Dunkin Donuts went public yesterday, and its stock immediately shot up by more than 40%, because it's fun to invest in companies you've actually heard of, right? The sky is the limit for Dunkin Donut's dough-based reign of financial prosperity! They plan to double their number of stores in 20 years! America will never tire of hot fried carbohydrates and even hotter caffeinated water! This will be the biggest boon to Wall Street since the equally hot IPO of Krispy Kreme, a decade ago!

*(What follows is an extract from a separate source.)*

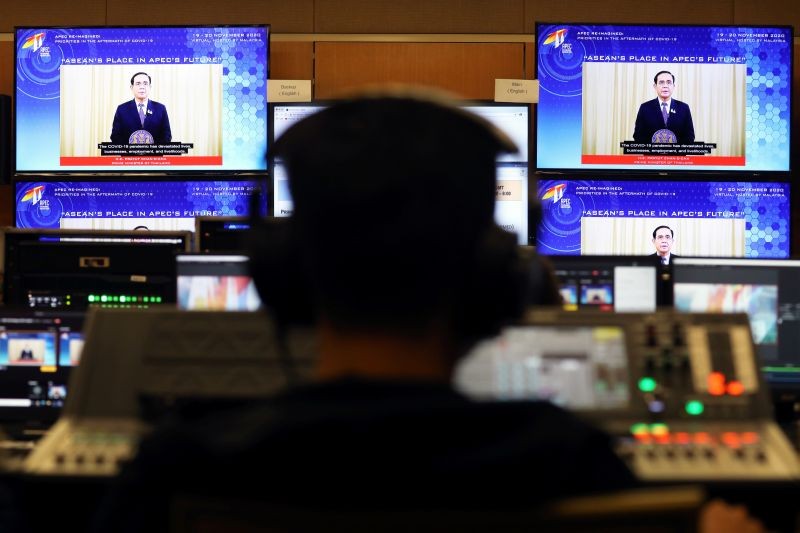 Screens show Thailand's Prime Minister Prayuth Chan-ocha speaking during the virtual APEC CEO Dialogues 2020, at its command center in Kuala Lumpur, Malaysia November 19, 2020. (REUTERS Photo)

Oh, right. Its value plunged by more than three quarters from its post-IPO high. Or perhaps, as this story suggests, Dunkin Donuts is the new Boston Chicken, another hot fast food brand that had a big IPO in the 1990s only to flame out into bankruptcy several years later. Or maybe Dunkin Donut is actually more valuable than Starbucks, which would explain why investors are paying 80 times earnings for it, while they pay less than 30 times earnings for Starbucks.
Who knows? You can't trust Wall Street, which got us into this mess; and you can't trust Main Street, which is legendarily ignorant of the intricacies of investing. You can only trust your own gut. Which is telling you that it likes donuts.